¹ Department of Clinical Pharmacology and ² Institute of Medical and Chemical Laboratory Diagnostic, Medical University of Vienna, Vienna, Austria;

^aaddress correspondence to this author at: Department of Clinical Pharmacology, Medical University of Vienna, Waehringer Guertel 18-20, A-1090 Wien, Austria; fax 43-1-40400, ext. 2998, e-mail Bernd.Jilma{at}meduniwien.ac.at

Toll-like receptor 4 (TLR4) is the principal receptor for bacterial endotoxin recognition, and functional variants in the gene confer endotoxin hyporesponsiveness in humans (1). Recognition of endotoxin leads to the activation of intracellular signaling pathways, up-regulating a wide array of inflammatory modulators, which contribute to early host-cell response(2)(3).

Recently, a common polymorphism in TLR4 (4) that is associated with hyporesponsiveness to inhaled endotoxin in humans was identified(5)(6)(7). This missense mutation (Asp299Gly) in the fourth exon of the TLR4 gene alters the extracellular domain of this receptor. An additional missense polymorphism (Thr399Ile) in the extracellular domain of the TLR4 receptor co-segregates with the Asp299Gly substitution in more than 95% of the Caucasian population(8).

Recent studies showed that genetic variants of TLR4 may contribute to differences in risk in vivo (9) and may modulate in vitro response to bacterial lipopolysaccharide (LPS)(8) related to inflammatory markers. On the basis of these studies, we hypothesized that genetic variants of TLR4 might also contribute to the large interindividual differences in inflammatory marker concentrations after LPS challenge.

The aim of our study was to investigate the association between TLR4 polymorphisms (Asp299Gly and Thr399Ile) and values for inflammatory markers in human experimental endotoxemia.

The study protocols were approved by the Ethics Committee of the Medical University Vienna, and all participants gave written informed consent before entering the study.

Complete data and DNA samples were available for 74 healthy male volunteers. These volunteers participated in several clinical trials receiving placebo in addition to endotoxin, including recently published studies (10)(11) and several unpublished trials. All volunteers were 19–35 years of age with a body mass index between the 15th and 85th percentiles.
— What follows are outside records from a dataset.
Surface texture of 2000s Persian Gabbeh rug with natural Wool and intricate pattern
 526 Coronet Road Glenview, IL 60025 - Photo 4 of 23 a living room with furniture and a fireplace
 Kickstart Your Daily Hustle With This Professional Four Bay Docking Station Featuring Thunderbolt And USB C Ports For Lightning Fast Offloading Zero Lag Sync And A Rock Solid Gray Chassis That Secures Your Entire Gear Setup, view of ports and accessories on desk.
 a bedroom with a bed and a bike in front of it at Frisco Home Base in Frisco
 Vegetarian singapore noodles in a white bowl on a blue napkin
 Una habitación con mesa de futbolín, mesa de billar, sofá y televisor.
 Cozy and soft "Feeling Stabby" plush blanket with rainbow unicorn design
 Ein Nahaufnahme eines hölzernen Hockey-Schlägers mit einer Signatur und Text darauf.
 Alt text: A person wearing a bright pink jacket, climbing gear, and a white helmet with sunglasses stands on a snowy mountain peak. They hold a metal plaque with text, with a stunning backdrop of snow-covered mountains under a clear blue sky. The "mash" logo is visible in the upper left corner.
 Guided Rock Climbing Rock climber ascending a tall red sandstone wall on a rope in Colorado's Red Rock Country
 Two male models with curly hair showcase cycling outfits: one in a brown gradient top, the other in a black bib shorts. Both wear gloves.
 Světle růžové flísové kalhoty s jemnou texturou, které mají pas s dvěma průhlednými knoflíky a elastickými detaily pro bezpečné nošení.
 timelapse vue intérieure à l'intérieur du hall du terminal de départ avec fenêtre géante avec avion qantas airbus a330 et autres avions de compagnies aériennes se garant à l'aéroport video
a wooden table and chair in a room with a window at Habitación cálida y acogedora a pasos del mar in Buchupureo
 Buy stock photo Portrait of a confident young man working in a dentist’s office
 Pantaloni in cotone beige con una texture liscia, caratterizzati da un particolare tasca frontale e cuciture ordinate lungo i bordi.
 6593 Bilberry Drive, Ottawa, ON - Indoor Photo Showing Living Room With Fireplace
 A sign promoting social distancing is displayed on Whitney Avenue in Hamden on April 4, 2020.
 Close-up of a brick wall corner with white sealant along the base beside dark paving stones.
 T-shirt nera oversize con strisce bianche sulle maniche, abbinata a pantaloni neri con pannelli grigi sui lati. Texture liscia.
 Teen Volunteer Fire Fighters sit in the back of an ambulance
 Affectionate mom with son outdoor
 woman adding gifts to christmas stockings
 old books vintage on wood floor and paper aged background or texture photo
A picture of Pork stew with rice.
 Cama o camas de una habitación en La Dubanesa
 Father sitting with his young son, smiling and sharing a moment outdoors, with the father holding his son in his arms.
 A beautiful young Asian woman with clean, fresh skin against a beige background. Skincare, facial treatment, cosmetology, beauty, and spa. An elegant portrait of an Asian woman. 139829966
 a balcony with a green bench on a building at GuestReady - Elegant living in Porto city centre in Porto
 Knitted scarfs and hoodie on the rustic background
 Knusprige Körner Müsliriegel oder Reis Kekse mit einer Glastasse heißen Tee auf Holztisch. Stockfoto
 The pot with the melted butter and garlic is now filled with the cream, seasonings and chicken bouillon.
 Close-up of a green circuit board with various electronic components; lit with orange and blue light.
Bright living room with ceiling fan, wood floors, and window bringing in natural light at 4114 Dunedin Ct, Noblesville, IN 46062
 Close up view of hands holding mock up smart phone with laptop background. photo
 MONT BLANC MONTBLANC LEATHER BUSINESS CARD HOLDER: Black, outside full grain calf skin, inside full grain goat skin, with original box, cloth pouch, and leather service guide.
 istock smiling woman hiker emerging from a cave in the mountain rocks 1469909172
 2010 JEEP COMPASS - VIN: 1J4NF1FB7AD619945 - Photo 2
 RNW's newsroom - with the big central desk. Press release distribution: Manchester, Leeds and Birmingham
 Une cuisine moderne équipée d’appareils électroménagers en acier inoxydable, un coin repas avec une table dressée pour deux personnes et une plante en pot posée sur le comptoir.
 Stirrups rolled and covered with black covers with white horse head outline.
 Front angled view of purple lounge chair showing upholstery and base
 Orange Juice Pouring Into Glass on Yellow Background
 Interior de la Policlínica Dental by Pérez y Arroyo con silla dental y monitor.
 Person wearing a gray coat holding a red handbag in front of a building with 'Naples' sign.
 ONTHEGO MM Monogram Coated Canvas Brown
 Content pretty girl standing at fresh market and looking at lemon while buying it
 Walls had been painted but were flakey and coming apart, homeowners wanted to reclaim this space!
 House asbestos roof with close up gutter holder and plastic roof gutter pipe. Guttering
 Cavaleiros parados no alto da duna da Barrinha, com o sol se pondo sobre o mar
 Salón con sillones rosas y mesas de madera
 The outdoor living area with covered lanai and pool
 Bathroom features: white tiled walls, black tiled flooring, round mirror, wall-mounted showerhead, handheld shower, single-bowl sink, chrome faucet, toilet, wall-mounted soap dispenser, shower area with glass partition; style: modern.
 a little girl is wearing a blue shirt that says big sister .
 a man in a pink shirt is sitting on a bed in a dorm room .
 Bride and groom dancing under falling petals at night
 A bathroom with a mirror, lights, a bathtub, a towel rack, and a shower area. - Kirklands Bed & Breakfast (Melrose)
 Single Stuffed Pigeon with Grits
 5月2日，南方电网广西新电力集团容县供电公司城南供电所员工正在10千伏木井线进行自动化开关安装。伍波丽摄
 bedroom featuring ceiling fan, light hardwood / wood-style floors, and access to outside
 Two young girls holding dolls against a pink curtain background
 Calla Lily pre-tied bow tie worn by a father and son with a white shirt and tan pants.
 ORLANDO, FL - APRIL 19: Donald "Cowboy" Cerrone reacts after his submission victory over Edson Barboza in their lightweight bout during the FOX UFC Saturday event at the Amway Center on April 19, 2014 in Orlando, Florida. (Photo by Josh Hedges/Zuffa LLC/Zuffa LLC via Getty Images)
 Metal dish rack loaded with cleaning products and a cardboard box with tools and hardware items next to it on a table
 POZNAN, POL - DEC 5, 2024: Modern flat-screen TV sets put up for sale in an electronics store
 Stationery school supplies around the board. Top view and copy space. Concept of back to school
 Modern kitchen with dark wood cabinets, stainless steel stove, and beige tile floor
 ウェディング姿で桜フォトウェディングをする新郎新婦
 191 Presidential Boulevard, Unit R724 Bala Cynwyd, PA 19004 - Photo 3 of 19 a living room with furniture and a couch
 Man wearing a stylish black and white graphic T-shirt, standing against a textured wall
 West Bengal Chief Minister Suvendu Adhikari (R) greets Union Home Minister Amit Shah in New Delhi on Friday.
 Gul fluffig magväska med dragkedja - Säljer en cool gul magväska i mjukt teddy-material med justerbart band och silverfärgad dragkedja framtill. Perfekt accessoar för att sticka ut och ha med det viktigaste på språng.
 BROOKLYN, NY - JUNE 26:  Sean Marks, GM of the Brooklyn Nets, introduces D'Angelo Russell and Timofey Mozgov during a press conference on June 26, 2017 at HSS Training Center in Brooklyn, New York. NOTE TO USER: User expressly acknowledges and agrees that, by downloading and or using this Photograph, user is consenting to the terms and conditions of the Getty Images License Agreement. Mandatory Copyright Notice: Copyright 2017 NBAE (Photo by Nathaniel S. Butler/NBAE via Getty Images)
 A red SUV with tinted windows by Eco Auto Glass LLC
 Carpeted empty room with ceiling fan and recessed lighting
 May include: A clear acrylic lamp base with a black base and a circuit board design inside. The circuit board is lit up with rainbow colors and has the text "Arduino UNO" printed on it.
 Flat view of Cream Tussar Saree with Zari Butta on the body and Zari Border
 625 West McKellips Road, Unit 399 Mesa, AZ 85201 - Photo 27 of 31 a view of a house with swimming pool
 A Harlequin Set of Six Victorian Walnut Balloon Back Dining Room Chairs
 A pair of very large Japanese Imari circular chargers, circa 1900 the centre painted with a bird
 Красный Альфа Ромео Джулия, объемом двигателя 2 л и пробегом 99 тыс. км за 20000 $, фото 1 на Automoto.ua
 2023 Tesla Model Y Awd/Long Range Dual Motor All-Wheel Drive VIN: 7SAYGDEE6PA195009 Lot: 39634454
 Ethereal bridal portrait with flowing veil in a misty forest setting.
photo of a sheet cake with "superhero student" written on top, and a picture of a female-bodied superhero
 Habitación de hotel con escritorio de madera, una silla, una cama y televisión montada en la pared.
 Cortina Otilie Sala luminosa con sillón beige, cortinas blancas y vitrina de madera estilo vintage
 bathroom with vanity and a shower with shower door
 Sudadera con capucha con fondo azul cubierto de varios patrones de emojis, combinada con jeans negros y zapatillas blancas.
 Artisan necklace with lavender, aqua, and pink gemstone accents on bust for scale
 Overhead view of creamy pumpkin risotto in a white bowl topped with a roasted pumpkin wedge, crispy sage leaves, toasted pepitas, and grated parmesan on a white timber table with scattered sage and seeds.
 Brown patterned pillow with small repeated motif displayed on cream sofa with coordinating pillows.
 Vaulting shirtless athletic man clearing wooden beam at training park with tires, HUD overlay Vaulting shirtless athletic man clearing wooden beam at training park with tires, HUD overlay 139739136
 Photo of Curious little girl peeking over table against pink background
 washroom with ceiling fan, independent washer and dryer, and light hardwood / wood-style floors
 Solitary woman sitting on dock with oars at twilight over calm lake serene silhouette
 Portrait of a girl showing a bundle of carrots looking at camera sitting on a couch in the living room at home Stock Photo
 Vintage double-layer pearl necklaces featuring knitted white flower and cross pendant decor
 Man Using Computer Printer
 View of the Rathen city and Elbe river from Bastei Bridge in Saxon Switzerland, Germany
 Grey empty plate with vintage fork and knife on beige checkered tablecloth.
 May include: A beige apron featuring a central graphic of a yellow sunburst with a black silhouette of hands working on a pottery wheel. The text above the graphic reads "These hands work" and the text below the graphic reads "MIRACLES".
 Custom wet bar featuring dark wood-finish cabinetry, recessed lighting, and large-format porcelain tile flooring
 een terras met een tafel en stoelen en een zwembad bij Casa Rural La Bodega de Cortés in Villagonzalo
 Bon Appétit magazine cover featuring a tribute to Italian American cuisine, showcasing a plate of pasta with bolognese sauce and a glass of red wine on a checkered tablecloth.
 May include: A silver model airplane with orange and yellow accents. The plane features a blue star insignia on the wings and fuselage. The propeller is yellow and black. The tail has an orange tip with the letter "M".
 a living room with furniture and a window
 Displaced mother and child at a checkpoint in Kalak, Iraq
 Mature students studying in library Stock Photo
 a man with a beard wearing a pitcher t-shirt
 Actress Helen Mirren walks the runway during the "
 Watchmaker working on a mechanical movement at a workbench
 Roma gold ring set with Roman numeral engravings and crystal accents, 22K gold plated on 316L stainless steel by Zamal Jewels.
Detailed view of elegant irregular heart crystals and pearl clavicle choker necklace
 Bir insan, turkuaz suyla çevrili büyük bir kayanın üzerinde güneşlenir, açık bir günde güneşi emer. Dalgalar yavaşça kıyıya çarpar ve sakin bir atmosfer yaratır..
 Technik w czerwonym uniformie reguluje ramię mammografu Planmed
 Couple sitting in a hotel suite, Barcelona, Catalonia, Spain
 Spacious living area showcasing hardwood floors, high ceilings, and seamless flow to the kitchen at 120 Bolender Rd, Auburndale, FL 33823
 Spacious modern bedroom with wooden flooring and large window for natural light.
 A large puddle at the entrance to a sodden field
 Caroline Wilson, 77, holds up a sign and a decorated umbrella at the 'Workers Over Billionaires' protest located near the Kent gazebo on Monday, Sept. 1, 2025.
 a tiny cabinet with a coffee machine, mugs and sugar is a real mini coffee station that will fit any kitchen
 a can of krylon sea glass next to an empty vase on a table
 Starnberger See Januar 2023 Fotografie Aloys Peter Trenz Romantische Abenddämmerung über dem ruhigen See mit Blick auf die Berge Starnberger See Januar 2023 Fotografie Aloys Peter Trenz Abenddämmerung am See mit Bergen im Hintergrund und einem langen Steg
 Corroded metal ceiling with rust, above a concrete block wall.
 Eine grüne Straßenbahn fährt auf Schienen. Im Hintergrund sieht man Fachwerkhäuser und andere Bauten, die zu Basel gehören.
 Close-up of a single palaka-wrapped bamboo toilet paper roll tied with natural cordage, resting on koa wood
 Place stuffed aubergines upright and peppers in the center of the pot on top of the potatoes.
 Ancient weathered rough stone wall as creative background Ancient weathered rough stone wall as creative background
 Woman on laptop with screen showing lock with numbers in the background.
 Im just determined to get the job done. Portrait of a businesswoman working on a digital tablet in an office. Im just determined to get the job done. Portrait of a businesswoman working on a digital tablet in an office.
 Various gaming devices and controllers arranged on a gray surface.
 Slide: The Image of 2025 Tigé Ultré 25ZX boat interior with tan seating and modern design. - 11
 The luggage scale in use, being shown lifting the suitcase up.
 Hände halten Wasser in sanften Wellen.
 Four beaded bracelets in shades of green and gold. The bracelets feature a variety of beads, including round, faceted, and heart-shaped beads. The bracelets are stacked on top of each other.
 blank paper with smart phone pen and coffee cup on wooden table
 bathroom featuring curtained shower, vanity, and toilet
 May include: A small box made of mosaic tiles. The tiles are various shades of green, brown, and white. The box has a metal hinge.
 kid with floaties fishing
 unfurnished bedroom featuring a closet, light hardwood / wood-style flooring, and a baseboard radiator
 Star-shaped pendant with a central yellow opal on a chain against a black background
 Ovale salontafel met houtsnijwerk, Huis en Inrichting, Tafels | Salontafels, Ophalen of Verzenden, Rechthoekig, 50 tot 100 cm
The LPS model has been described in detail previously (11). All volunteers received 2 ng of LPS (National Reference Endotoxin, Escherichia coli; USP) per kilogram of body weight as a bolus infusion over 2 min.

Blood samples were collected by venipuncture into Vacutainer Tubes containing EDTA as anticoagulant (Becton Dickinson) before LPS infusion and thereafter at the times indicated in Fig. 1 . Plasma samples were processed immediately by centrifugation at 2000g at 4 °C for 15 min and stored at –80 °C before analysis. Plasma concentrations of interleukin-6 (IL-6) (11), IL-1ß, and tumor necrosis factor (TNF) were measured by a high-sensitivity enzyme immunoassay (R&D-Systems), and all samples from individual participants were run in the same assay.

View larger version (18K): [in this window] [in a new window]   Figure 1. Influence of the common TLR4 Asp299Gly and Thr399Ile polymorphisms on the late inflammatory response to experimental endotoxemia. Shown are the effects of endotoxin infusion on IL-6 and CRP (top row), IL-1ß and prothrombin fragment F1 + 2 (middle row), and monocyte counts and body temperature (bottom row). Among the 74 persons who received LPS, 63 were wild type for TLR4 299Asp and 399Thr, 10 were heterozygous (het) for the less frequent 299Gly allele, and 1 volunteer was homozygous for the TLR4 299Gly allele. Because only 1 individual was homozygous for the 299Gly allele, he was included in the heterozygous group (n = 11). Volunteers received 2 ng of E. coli endotoxin per kilogram of body weight (n = 74). Data are the mean (SE; error bars). *, P <0.001 vs baseline (all markers).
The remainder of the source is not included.